For these, among the myriad of other reasons, we believe that we should focus on regaining and maintaining the rights of young people to a life without schools. We believe that we all need to embrace our collective right to ask ‘why’, refusing to allow people and institutions to silence us when we point out their flaws. Asking ‘why’ implies a strong desire to understand the reasons and causes behind certain processes in our societies, enabling us to understand how things work together and the historical background for our present situation. Asking ‘why’ implies exploring our own existence, resisting the colonial and imperial attitudes that continue to hurt every single one of us. It helps us to disrupt the comfort that an extremely patriarchal system has created for many adults, forcing more people to come to terms with the harms that are done to many for the sake of the few.

We like to think that we identify as anarchists because we do not accept that our Western capitalist system is neither natural nor the best social system to live in. On the contrary, capitalism is a predatory system that is killing us with all of its available mechanisms. It’s killing our humanity, our connection to the environment and the planet, and it is ruining our home in every way possible. The schooling system, then, was also created in order to reproduce and teach the fragmentation of thought that the Western capitalist system necessitated through its nation-states and free market, all of which has pushed us into hyper-individualisation and believing that producing and consuming can make us happy. As anarchists, we must regain the revolutionary power of asking ‘why’, followed by asking the many other questions about how revolutionary tools can be used to create new societies. Because after understanding why and how we got here, it is important to act to figure out what we are going to do to abolish this system and create what we really need to survive.

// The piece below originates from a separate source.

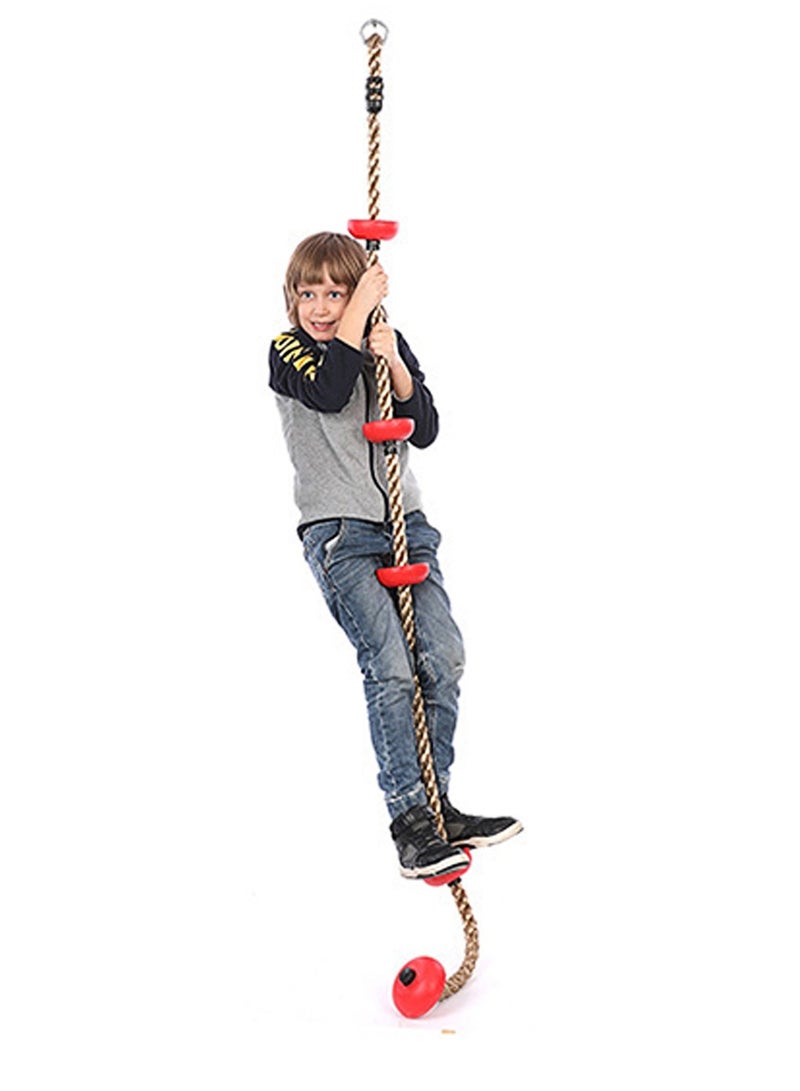 Tree Climbing Frame Kids Climbing Rope, Outdoor Obstacle Course Climbing Kit - Image 1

We don’t seek to provide answers to these questions, as many of them are things that we need to discuss within our own geographies. The answers would be different depending on where and when you are because we all live within our own contexts. But we live in such similar systems that have been developed from many of the same ideas, and we need to work collectively to find as many answers as possible that will ensure we are all free. We feel, for this moment, it’s enough to ask the questions and push ourselves to consider the world around us so that we can better understand what we’re up against.